I know this may seem obvious. But I’m surprised how some small business owners just don’t do their homework and drop the ball on this one.
I’ve been in the marketing business for better than 40+ years now. And in my opinion getting to know your prospect is a critical part of success. I’d go so far as to say that it is the number one secret to creating, writing and executing a successful promotion.
Many years ago, when I was just getting started and struggling to make ends meet, I realized the importance of not only meeting and knowing people, but learning things about them and using this information to build my business.
I got in the habit of jotting notes on index cards for every contact, person or customer. I kept these index cards in alphabetical order in a metal file box. And whenever I had some kind of contact with that person, I would routinely go to the file box, pull out the card and “update” my information.
Here is an example of what I’m talking about:
Director of Marketing – McCann Plastics – Lakeview, OH
Met at Chamber of Commerce Dinner (February, 1975)
Married, lives in Shaker Heights, daughters attend St. Joseph Academy
Xavier University graduate (Business major)
Likes to play the horses, low handicap golfer, conservative political ideology, grew up in Akron, Browns fan, brother Jack is Columbus city councilman
Created b-to-b control package for McCann using stickers (Summer, 1975)
Created test packages to beat control (March, 1976)
McCann switched ad agencies (Summer, 1976) Relocated to bigger facility (Fall, 1976)
Sent him 4 tickets to Browns-Steelers game (1976) and Xavier basketball game (1977)
From this example you can see that I kept fairly detailed notes about the people I worked with and for. Because of this, I actually got to know the real Rick Manning, right on down to his political affiliations, where his kids went to school and his favorite pro team (Browns). He was a client and became a personal friend of mine who used my services for years, even after switching jobs a few times.
The same thing applies to your customers, clients or patients. When you know who you are selling to, you can create a specific marketing campaign that gets past your prospect’s natural resistance to selling. It allows you to match what you are selling to what they want.
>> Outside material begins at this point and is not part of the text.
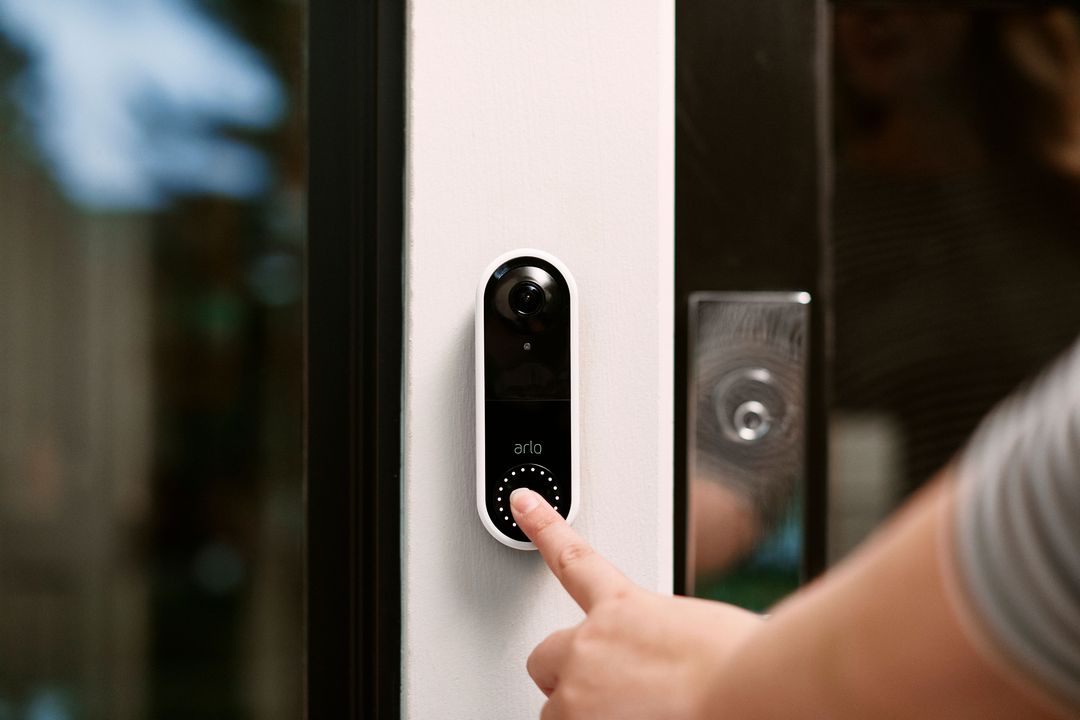 Arlo commercialise (enfin) Video Doorbell, sa sonnette connectée, sur le marché français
You can increase sales and give your promotion an edge over competitors who don’t take the time to know and understand your prospect.
Plus, you’ll be able to connect with your prospects and customers on a deeper level – which means not only will you be able to sell to them, you’ll be able to turn them into loyal customers in the long-run.
The tricky part is that when you are selling online or through direct mail you can’t see who you are talking to. You can’t see their age or gender or what kind of car they are driving, like you would if you were selling to them face-to-face.
So what do you need to understand and look for? There are multiple layers to your prospect:
• This covers things such as your prospect’s age, gender, income, and education. For instance, you might uncover that your ideal prospect is male, aged 40-50 years old, earns $100,000, and has a 4-year college degree.
• This digs into where your prospects live such as the city, state, and country. This can be broken down even further to specific neighborhoods or types of areas, for instance rural vs. city.
• Here’s where you dig into your target market’s attitudes, values, beliefs, and lifestyles. What they desire and what keeps them up at night. What their religious, political and other beliefs are and so forth.
Learn all you can about the people you are selling to. Find out what makes them tick. Because if you want people to buy your products and services, you have to know what makes them motivated and what will make them take action.